Everyone who has watched Pakistani news channels more than once must be familiar with the term “cracker attack” be they on shops, police personnel or people’s houses.
But what is this infamous cracker which sounds more like a toy devised by a rogue fireworks maker? Is it a dangerous form of a fire cracker or is, actually, a bomb?
It would turn out that every cracker is an IED (Improvised Explosive Device) but, every IED is not a cracker. “For the most part, it is a sphere packed with explosive material, a crude version of a hand grenade,” explained Sabir Khan, the chief of Karachi’s Bomb Disposal Squad.

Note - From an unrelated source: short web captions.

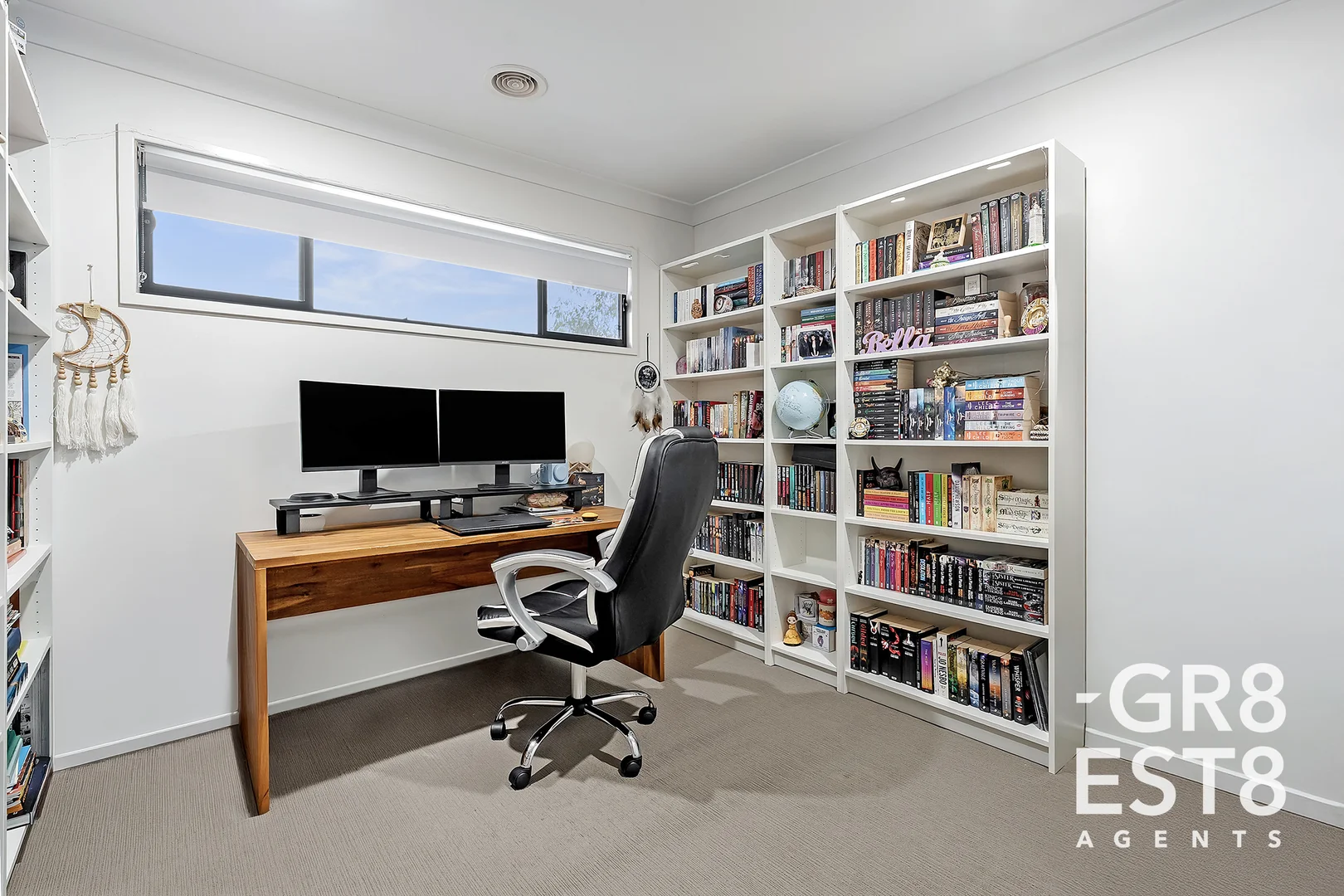 Additional image 13 of 2 Nebula Lane, Cranbourne East VIC 3977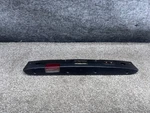 Mercedes W219 CLS63 CLS550 Amg Rear Trunk Lid Trim Cover Oem. Fixed Price $49.99.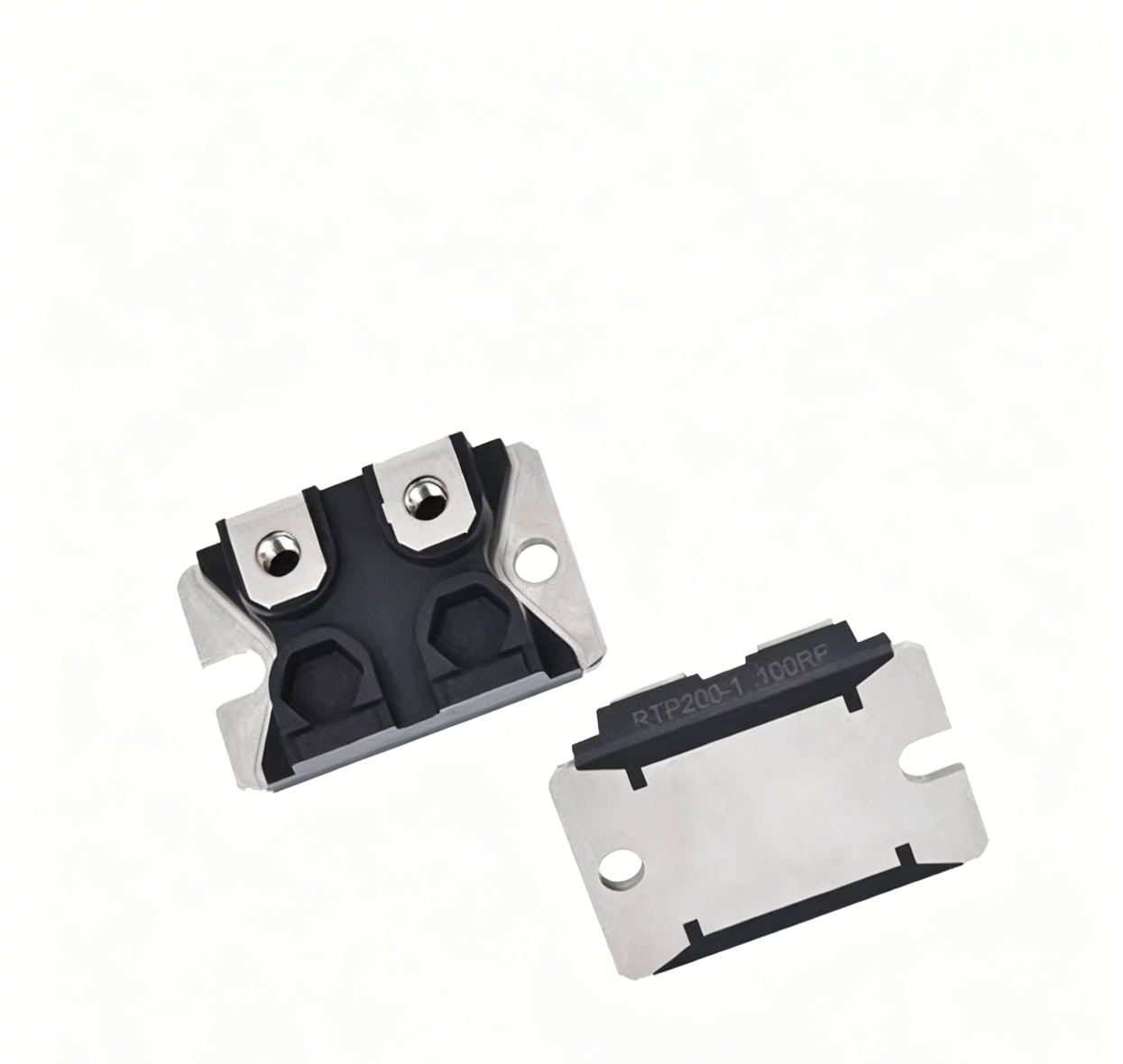 d3934daea0128ada8941cc4ce9f2b214.png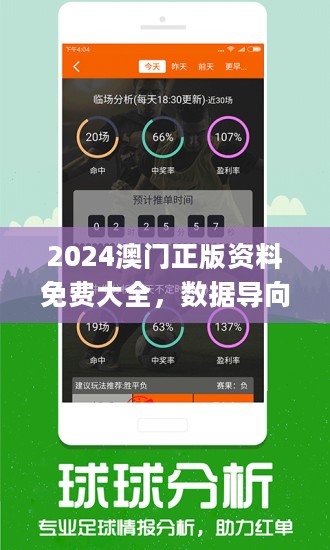 2024新澳门王中王正版,享受科技带来的出行便利——{关键词3}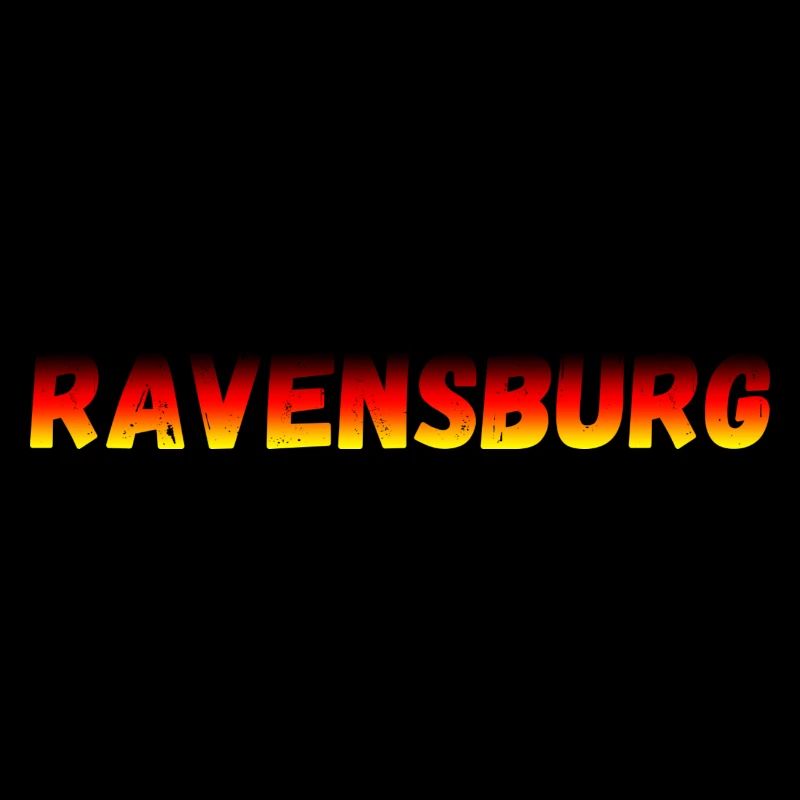 Ravensburg
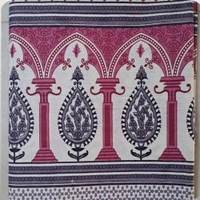 Alwar-S/B (2+2)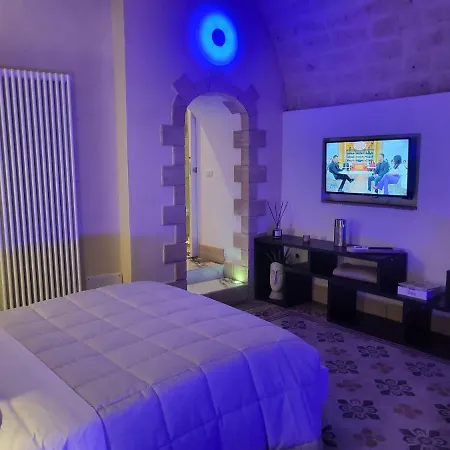 Ferienhaus Quart0 Grec0 15 *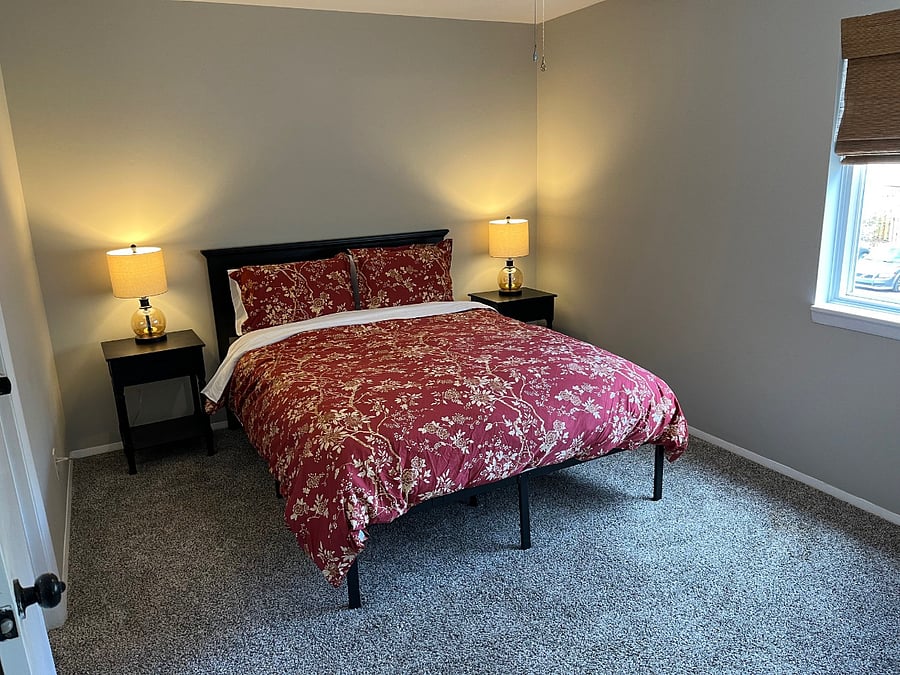 Furnished Finder property 895139_1 photo 7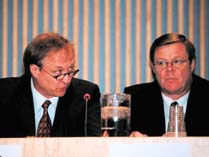 spjaok.jpg (14210 bytes)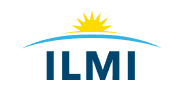 Logo of ILMI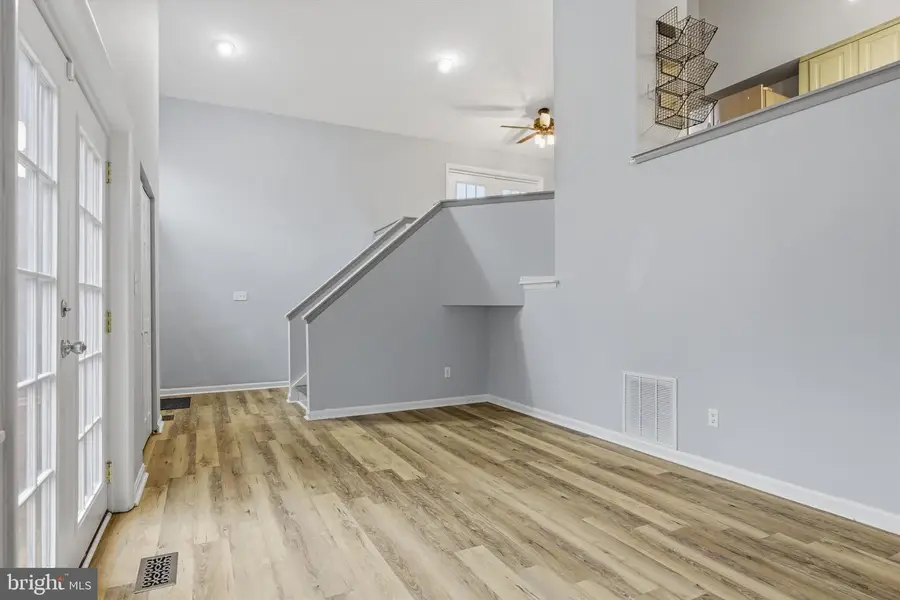 6365 Bright Plume, Columbia, MD 21044 - #2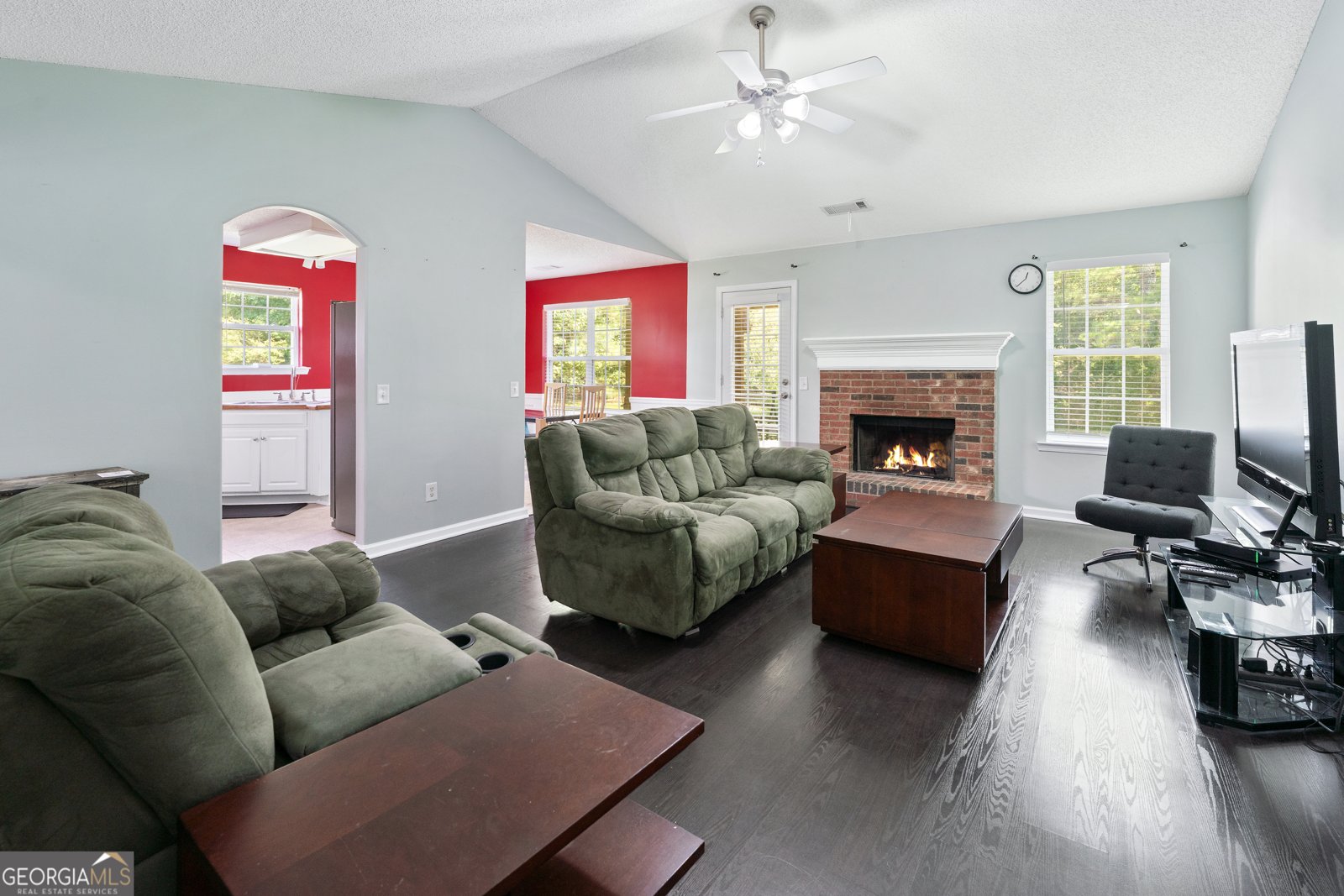 1920 Brenda Street Statham - 6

The rule of thumb is that if a hand-hurled IED contains aluminum powder then it will fall under the broad definition of a cracker.
“A typical cracker, like the ones that are chucked at shops, is made of tennis ball. It is cut open and explosive material is stuffed inside. The material is usually aluminum powder and it explodes with a loud bang when a cracker is thrown at a hard surface. The aluminum powder is quite explosive and blows up at the slightest friction,” Khan explained.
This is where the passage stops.